[Data excerpts]
[Start of Attachment]
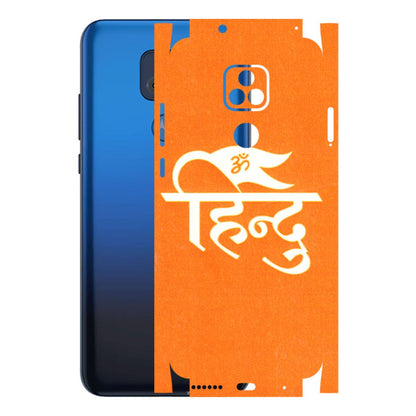 Motorola Phone Skins (All Models) - Hindu Kesari - 3D Embossed Finish (L-154) Motorola Moto G Play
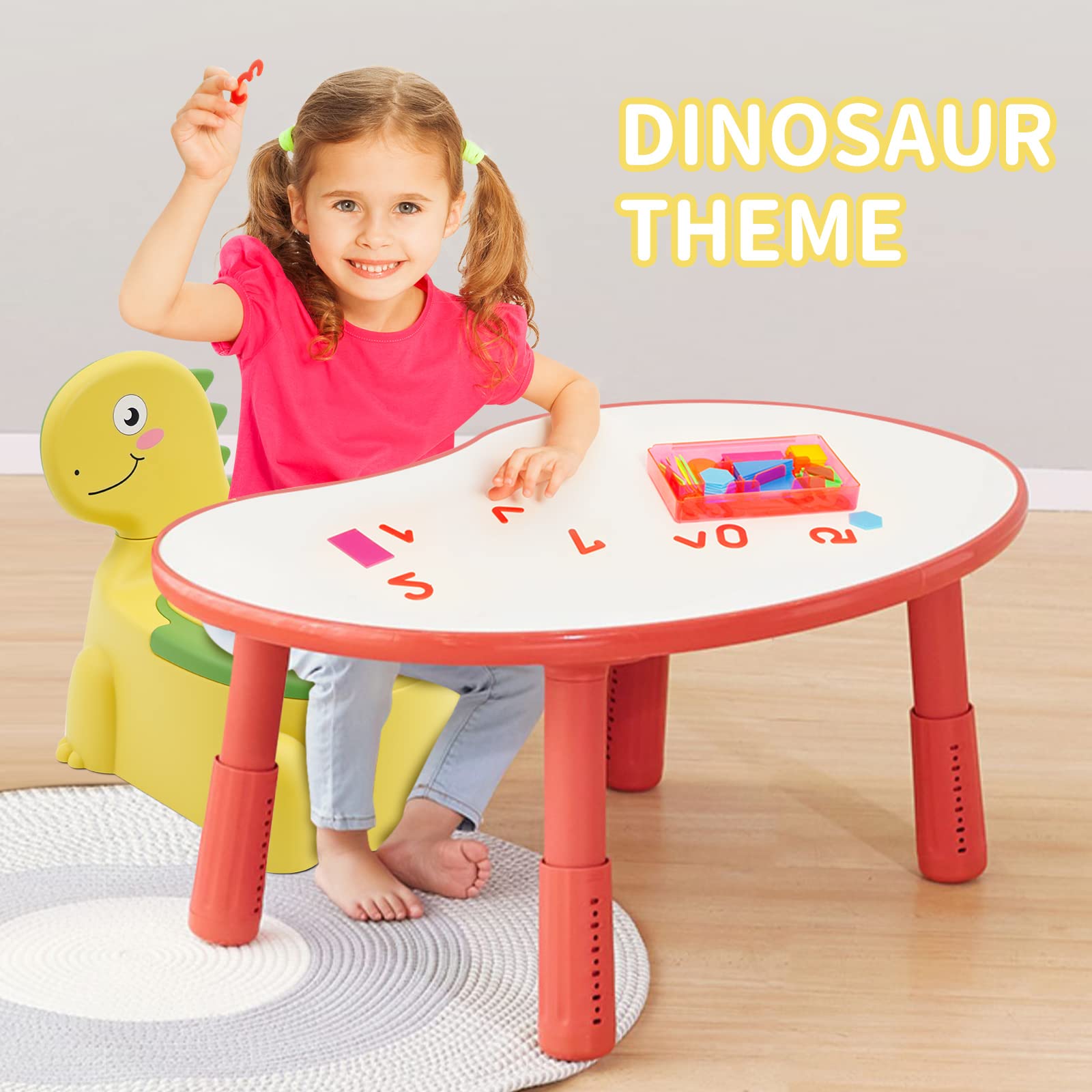 Orinal de inodoro silla de entrenamiento para bebés, niños y niñas, asiento de dinosaurio portátil para niños de 1 a 6 años de edad, niños pequeños, mini inodoros para niños pequeños, orinal de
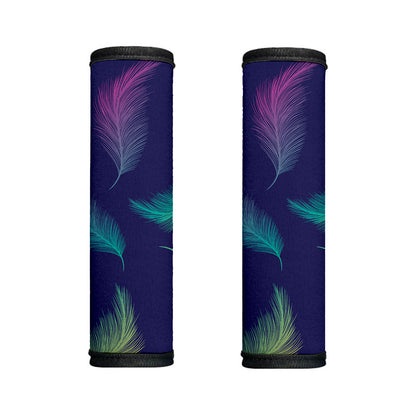 Colorful Feather Pattern Print Handle Covers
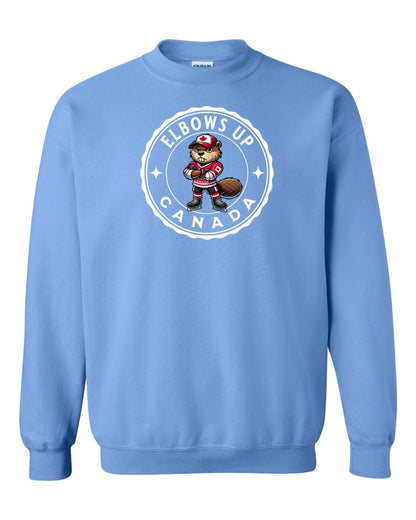 Elbows up Beaver Full Crewneck - Gildan Canada (sewn Internationally)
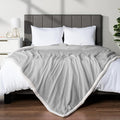 Pavilia Sherpa Fleece Blanket for Bed, King Size, Light Grey, Plush Soft Fuzzy, Cozy Reversible Winter Blanket for Women & Men, 90x108 Inches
[End of Attachment]
Write out the whole of the data exactly; the pictures stay out.

 Motorola Phone Skins (All Models) - Hindu Kesari - 3D Embossed Finish (L-154) Motorola Moto G Play
 Orinal de inodoro silla de entrenamiento para bebés, niños y niñas, asiento de dinosaurio portátil para niños de 1 a 6 años de edad, niños pequeños, mini inodoros para niños pequeños, orinal de
 Colorful Feather Pattern Print Handle Covers
 Elbows up Beaver Full Crewneck - Gildan Canada (sewn Internationally)
 Pavilia Sherpa Fleece Blanket for Bed, King Size, Light Grey, Plush Soft Fuzzy, Cozy Reversible Winter Blanket for Women & Men, 90x108 Inches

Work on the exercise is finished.